The remarkable and accomplished Kathleen Chalfant (Wit) strikes senior-citizen gold again in Familiar Touch. It’s another film about geriatric challenges faced by a woman at the end of a long, productive life as a loving, devoted wife and mother and a respected career as a successful chef, now adjusting to a new, unexpected chapter as an octogenarian in an assisted living facility. This is a problem that impacts the lives of so many people that it’s a shame it isn’t explored more often in the movies, but the subject of growing old gracefully has proved to be box office poison, and movies about people who do it with dignity and grace win awards but play to empty houses. Paying audiences just don’t flock in droves to films that focus on liver spots and wheelchairs.
FAMILIAR TOUCH ★★★★ (4/4 stars) |
I hope Familiar Touch is an exception, because to miss it would be to overlook a rare and compassionate work of art, not to mention one of the most honest, heartfelt performances of this or any other year in motion picture history. At first, we don’t know or even suspect there is anything wrong with Ruth (Chalfant), a woman who hums while she prepares a signature lunch of cold salmon for a date she hardly knows. She meticulously prepares her sauce, then gingerly selects a conservative black dress with a romantic wistfulness. When she places her hand on her guest’s thigh, he writhes uncomfortably. Gradually, the uneasy scene takes shape. Ruth’s guest is not the link to a romantic interlude. He’s her middle-aged son, not a luncheon companion, and he’s come to her sparsely furnished apartment to see her—not to eat her cold salmon, but to drive her and her packed bags to an old folks home where he plans to check her into a new life and a new place to live it in.

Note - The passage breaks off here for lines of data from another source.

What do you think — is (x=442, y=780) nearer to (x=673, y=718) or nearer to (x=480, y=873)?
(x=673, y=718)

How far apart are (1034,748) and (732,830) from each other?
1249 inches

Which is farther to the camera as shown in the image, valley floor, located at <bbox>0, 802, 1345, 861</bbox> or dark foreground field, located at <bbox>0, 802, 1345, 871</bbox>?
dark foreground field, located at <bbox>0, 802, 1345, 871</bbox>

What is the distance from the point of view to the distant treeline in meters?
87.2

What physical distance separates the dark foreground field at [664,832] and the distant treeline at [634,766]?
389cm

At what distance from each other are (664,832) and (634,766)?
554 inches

Ruth seems normal, decisive, capable of taking care of herself, while holding onto every last vestige of sanity and independence in her mind. Pragmatic in spite of her confusion, she accepts her new circumstances without voicing resistance or causing a disturbance. In the dining room, where fellow residents stare at their scrambled eggs with awe, she plays around with her unappetizing food with a fork of indifference. When the friendly staff feeds her pills to fight cholesterol, improve memory loss, encourage energy and treat a dozen other aging conditions of age she doesn’t understand, Ruth recites a recipe for borscht to a bored attendant to prove she still has a functioning brain and the capacity for memory. Scene by scene, the vicissitudes of old age are wisely, sensitively observed and related, in a screenplay by Sarah Friedland (who also directed) that exemplifies clemency without pity, and acted by an elderly ensemble cast that is amazing to watch. To ensure authenticity, Familiar Touch was filmed with the collaboration of the actual residents and staff of Bella Vista, a real retirement community, giving it a moment-to-moment reality that is touching but never deliberately, depressingly so. Special significance should be awarded to H. Jon Benjamin, as the tortured son, Carolyn Michelle as Vanessa and Andy McQueen as Brian, as staff members who give Ruth affection above and beyond the call of duty.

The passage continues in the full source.